I got rid of most of the musical relative position encodings. I don’t think they made a big difference after all.
The model now has three connected stacks of transformer blocks: a stack for predicting pitches, a stack for predicting time steps, and a shared stack that feeds into the other two. Before, the model was more like a pipeline. Now it has a “branch” in the middle.
The stack that predicts the next time step now uses cross attention. I find this more elegant than my previous method, which was a concatenation followed by a linear map and then some standard self-attention blocks.
I use a shared rotary position encoding in all but the first transformer block. I rolled my own implementation that uses xPos.
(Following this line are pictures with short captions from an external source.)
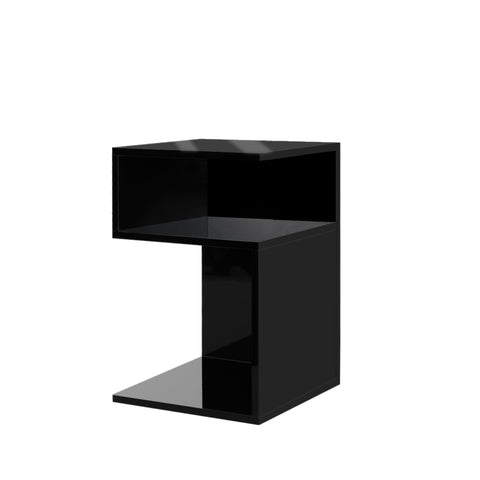 Levede 1xBedside Tables Drawers Side Black NI1036-BK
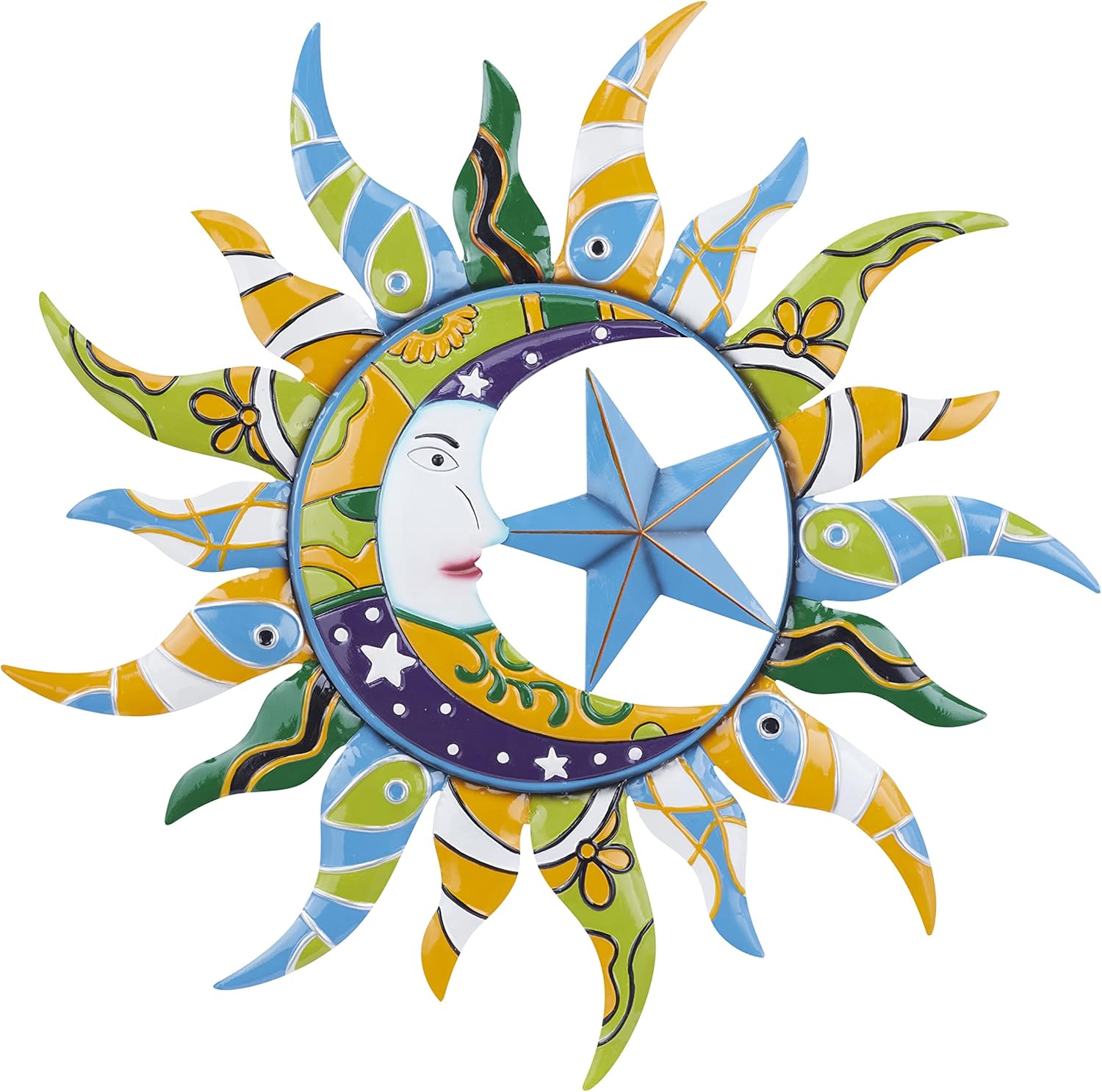 Plaques & Wall Art - Deco 79 Metal Sun and Moon Indoor Outdoor Wall Decor with Abstract Patterns, 36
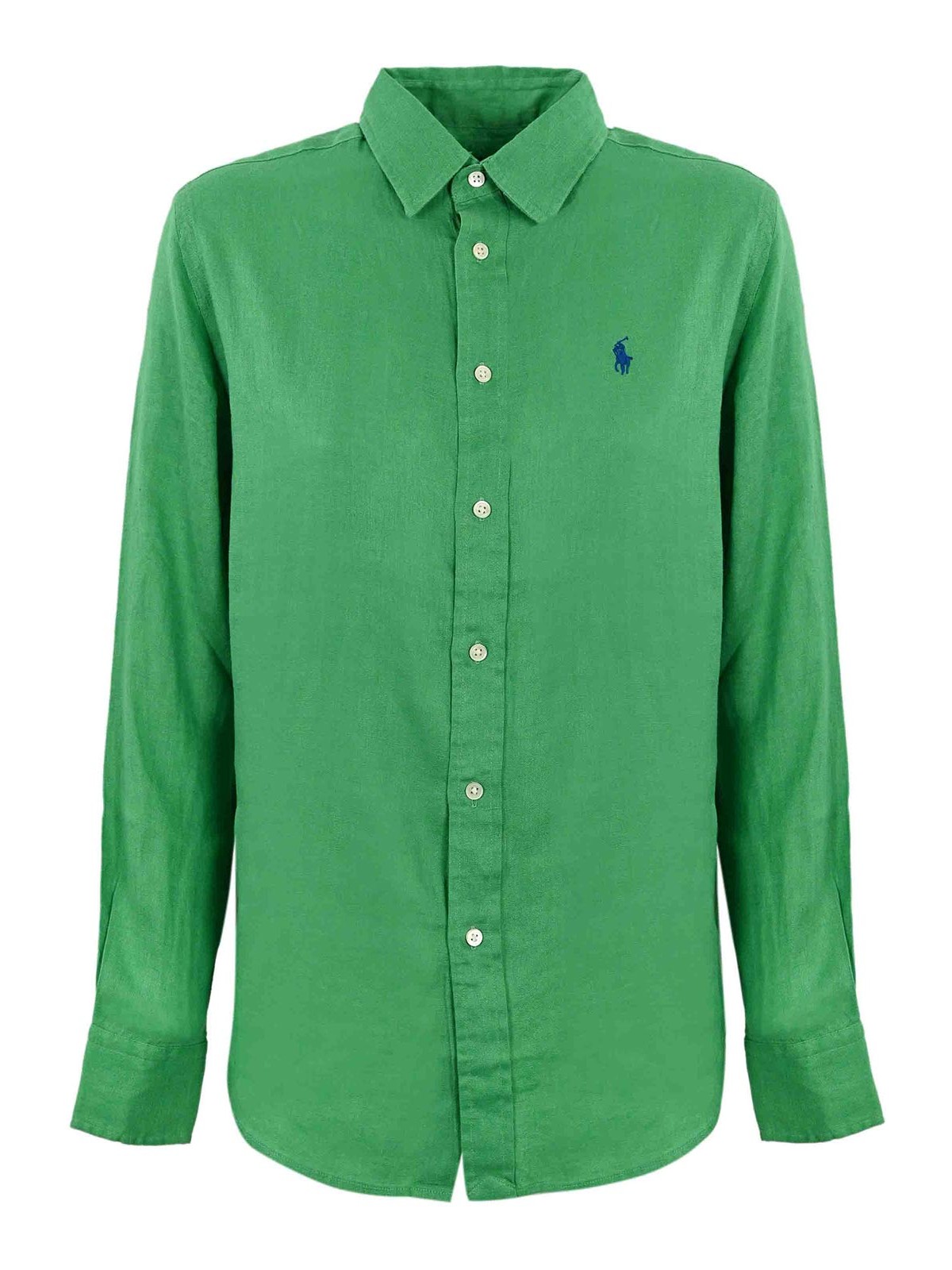 Shop Polo Ralph Lauren Linen Shirt With Pony Logo In Green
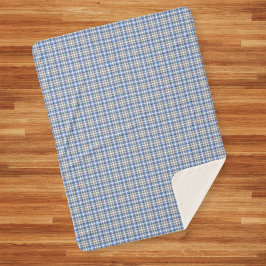 Cobertor Sherpa Padrão de Xadrez Taupe Tartan Azul Moderno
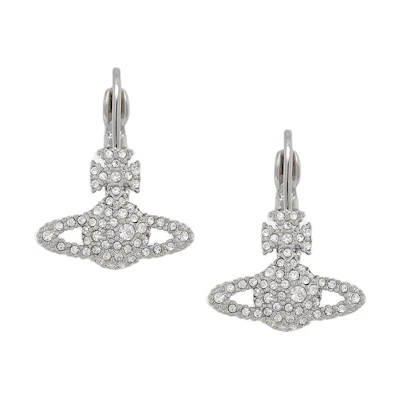 (Women) Vivienne Westwood Grace Drop Saturn Crystal Pendant Earrings Silver for Women. 6202002702P116P116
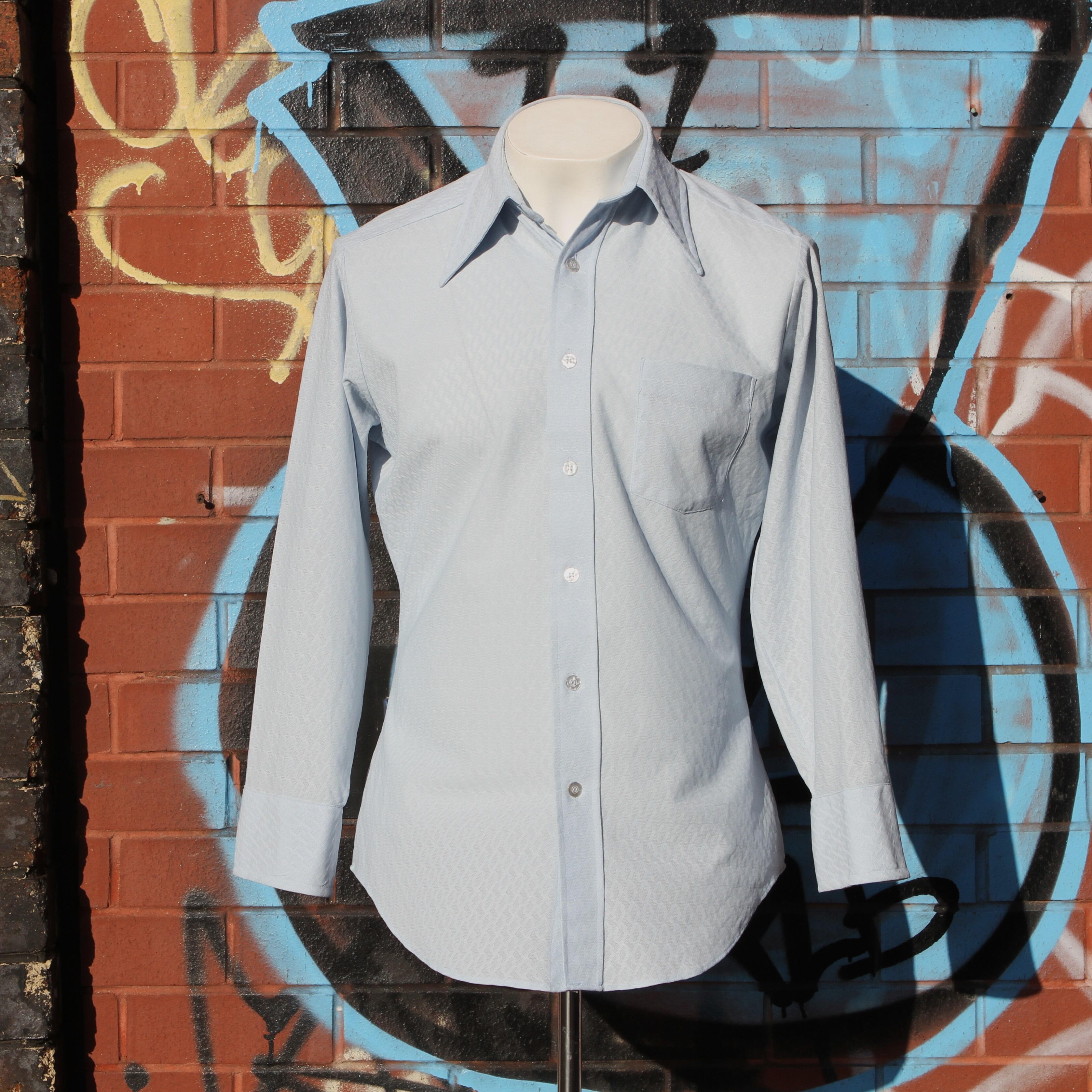 front view of a fabulous 1970s sears mens shirt with textured geometric pattern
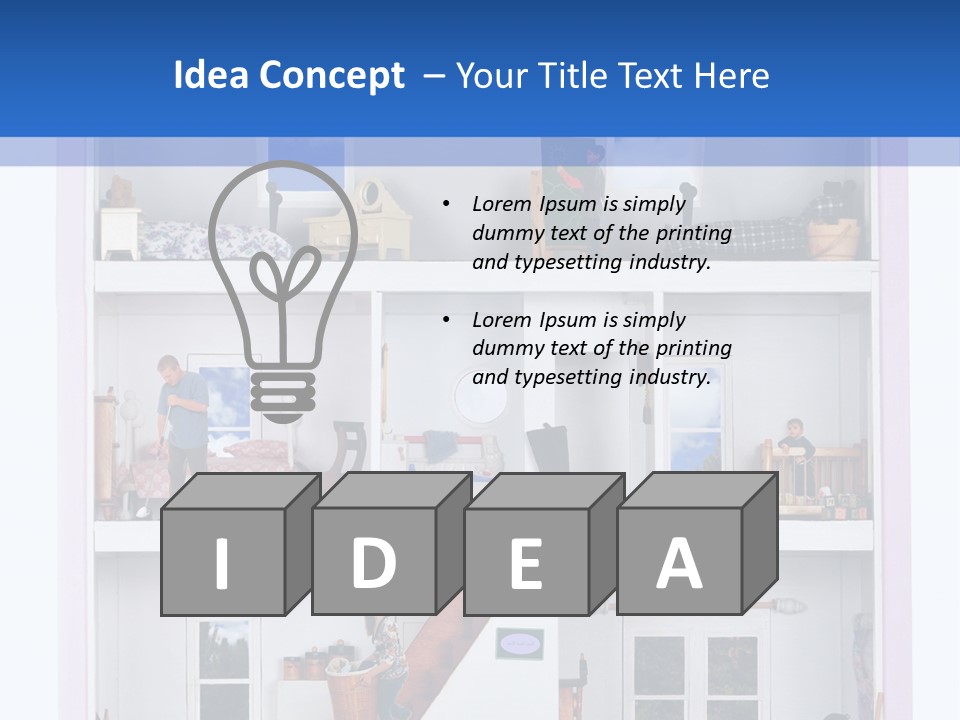 A Family Of Five Working And Playing Inside A Furnished Doll House. PowerPoint Template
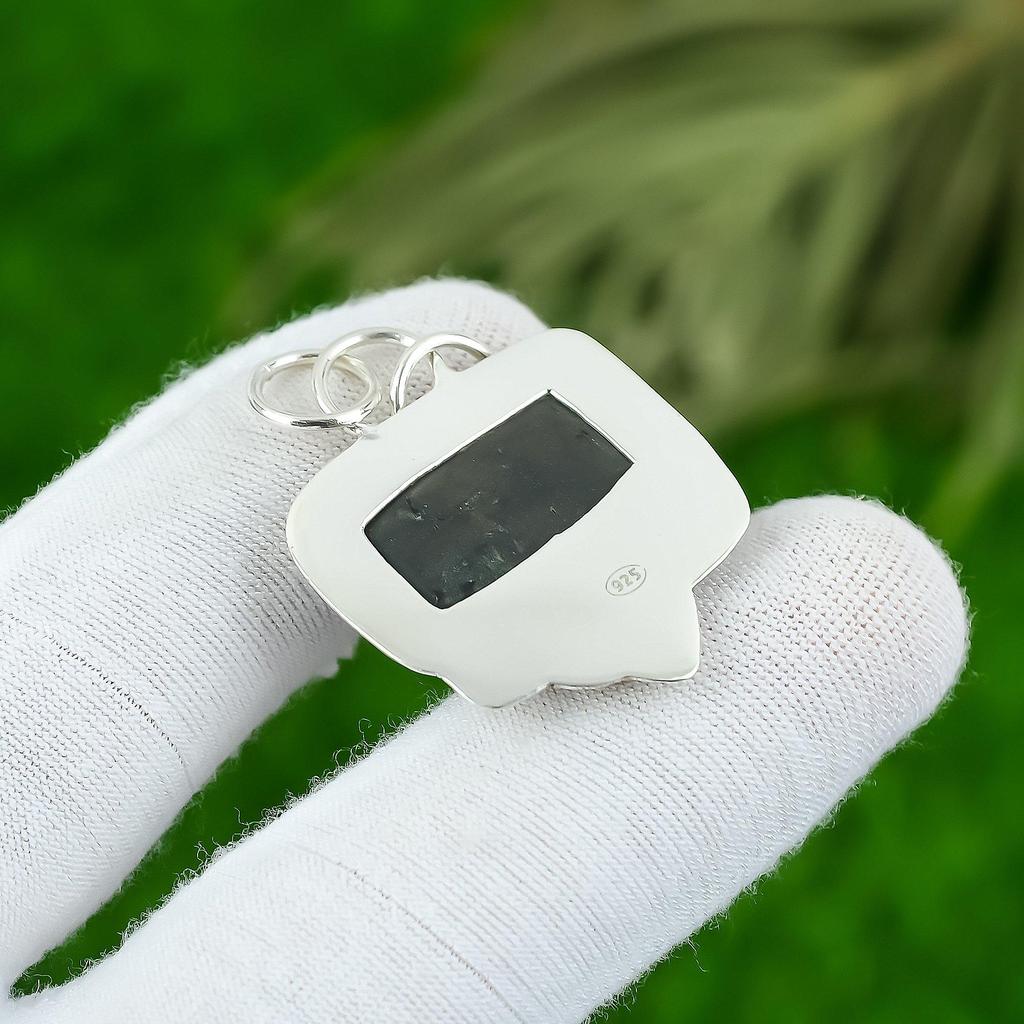 Anniversary Gift For Her Natural Black Tourmaline Rough Pendant 925 Silver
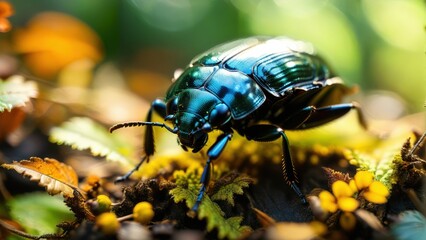 Vibrant Blue Beetle Crawling on Moss and Leaves in a Lush Forest Setting Captured in Close-Up Macro Photography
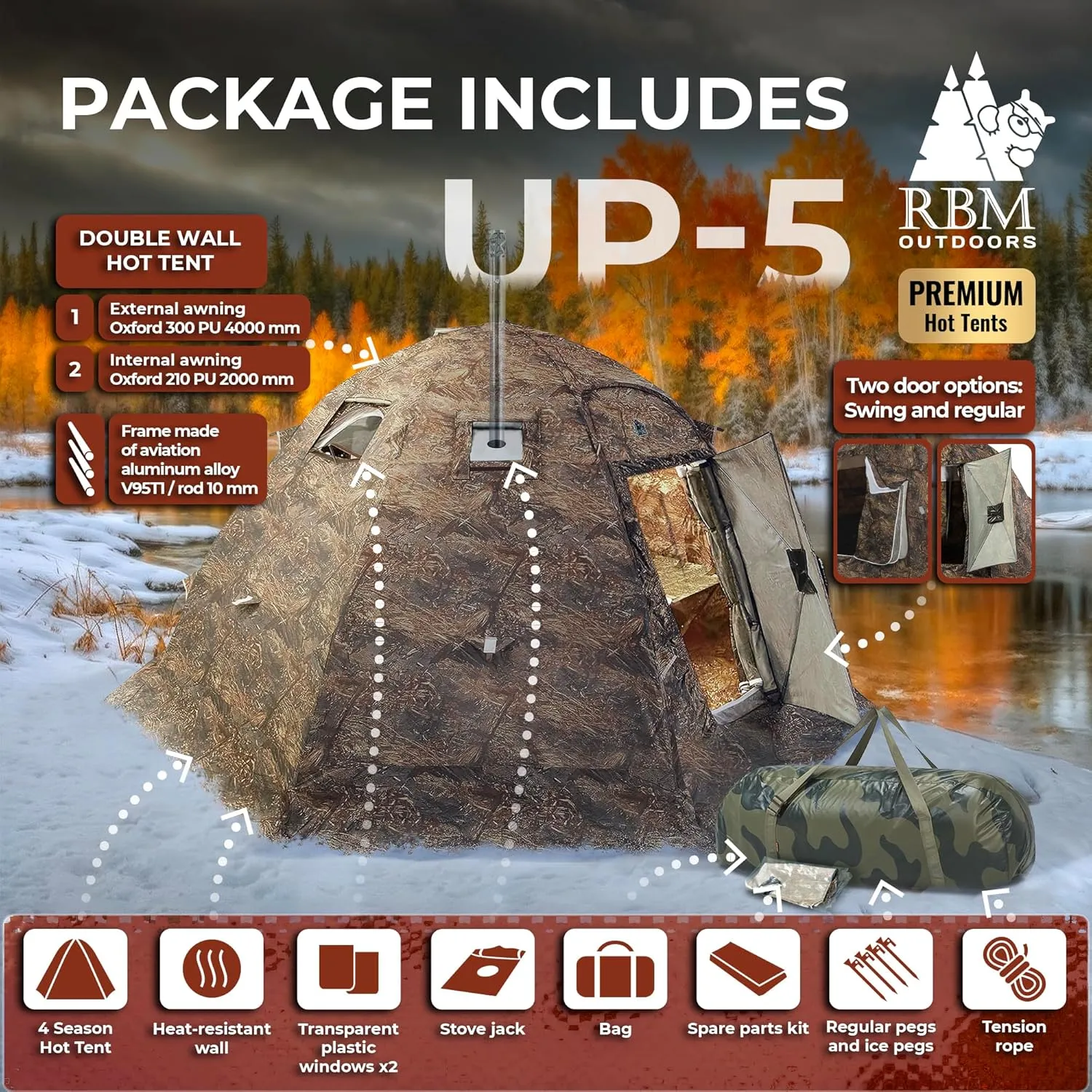 Rbm Outdoors Hot Tent with Stove Jack, Easy Setup 4 Season Winter Tents for Camping, Cold Weather Wall Double Layer Waterproof & Windproof Shelter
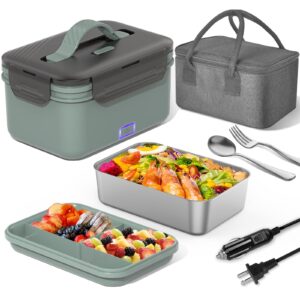 vingud electric lunch box 100w, 4 in 1 heated lunch box for adults, portable heating lunch box for work/car/truck, with 1.8l stainless steel container, 12v 24v 110v 220v, green grey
I use drophead. I don’t know if this helps; I just found the idea appealing.
And, of course, I have more training data now, but not as much as I’d like. It’s awfully hard to find high-quality MIDIs. And I’ve found it important to check the output of my translation process to make sure it doesn’t mess anything up.
I’m not keen on scaling up the model at this point. So the obvious thing to try is RLHF. I haven’t started trying to build a reward model yet, so that’s the next step.